Merhaba!


Benim adım Bekir. 33 yaşındayım. Buraya nereden geldiğimi bilmiyorum. Nereye gittiğimi de… Tek bildiğim, ben dünyanın en aptal adamıyım. Bir zamanlar her şeyim vardı. Ama o zamanlar hangi zamanlardı hatırlayamıyorum. Fikirlerim vardı, duygularım vardı, gençliğim, sağlığım… Hatta bir ailem bile vardı. Sonra bir gün ben, muhtemelen hepinizin yapmış olduğu bir hata yaptım. Aşık oldum… Bir kadına… Hem de çok güzel bir kadına… Böyle incecik, uzun boylu, kocaman güzel gözleri olan bir kadındı o. Saçlarını topladığında ayrı, dağıttığında bambaşka güzeldi. Onu tanıyıncaya kadar sadece onurum ve şerefim için yaşardım. Fakat onu tanıdıktan sonra yaşamak çok farklı bir anlam kazanmıştı. Artık onun için yaşamaya başladığımı ruhumun derinliklerinde hissedebiliyordum. Bunun ne kadar tehlikeli bir durum olduğunun farkına varabiliyor musunuz? Yaşamını birine adamak dünyanın en aptalca şeyi olsa gerek. Onunla geçirdiğim her an biraz daha onurum eksiliyordu. Ama inanın bana umurumda bile değildi. Çünkü çok mutluydum. Çok mutluydum… Çok mutluydum…

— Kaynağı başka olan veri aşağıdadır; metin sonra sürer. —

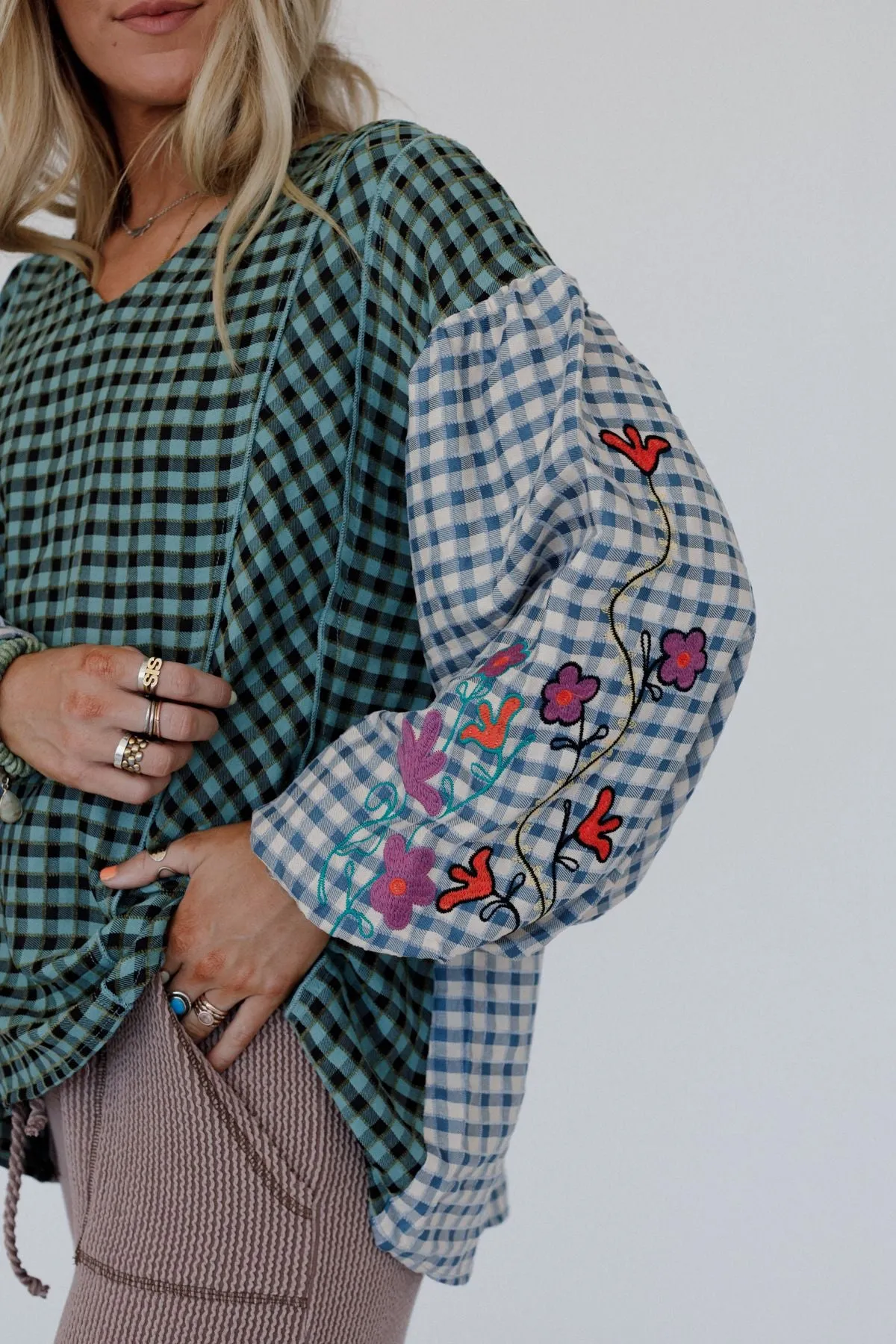 Homestead Plaid Floral Top - Teal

Böyle nasıl desem… Şarap içmek gibi bir şeydi onunla olmak. Bilincim bulanıklaşıyordu ama çok hoşuma gidiyordu. Çok hoştu… Çok güzeldi… İnanmazsınız bir keresinde hava inanılmaz soğuktu. Denizden esen poyraz, dev dalgaları üstümüze savuruyordu. Ama ben hiç üşümüyordum. Çünkü onun ellerini tutuyordum. İnsan öyle bir şarabı içince üşümez ki… Sonra bir gün o gitti. Ben üşümeye başladım. Peşinden gidip ısınabilirdim. Ama gözleri gözlerime değmeyince etraf çok karanlık oldu. Karanlıktan korkarım ben. Karanlıktan korkarım ben. Ben o karanlıkta yolumu kaybettim. Sonra başka gözler değdi gözlerime. Kendime başka şaraplar aramaya başladım. Isınabilmek için… Isınabilmek için… İnanın bana sadece ısınmak istiyordum. Çok üşümüştüm. Ama ondan sonra bulup içtiğim şaraplar zehirliydi. Beni zehirliyorlardı. Bağırdım. Hayır! Hayır! Hayır! Zehirlenmek istemiyorum ben. Leyla! Leyla! Leyla! Beni buraya kapattıkları gece Leyla’nın düğünü vardı. Engel olamadım… Başkasıyla evlenmesine engel olamadım. Polisler… Polisler beni yakaladılar. Kocaman demirden kelepçeleriyle beni bileklerimden kavrayıp önce nezarete sonra da buraya kapattılar. Gidişinin üzerinden 12 yıl geçti. Kaç yıldır burada olduğumu bilmiyorum.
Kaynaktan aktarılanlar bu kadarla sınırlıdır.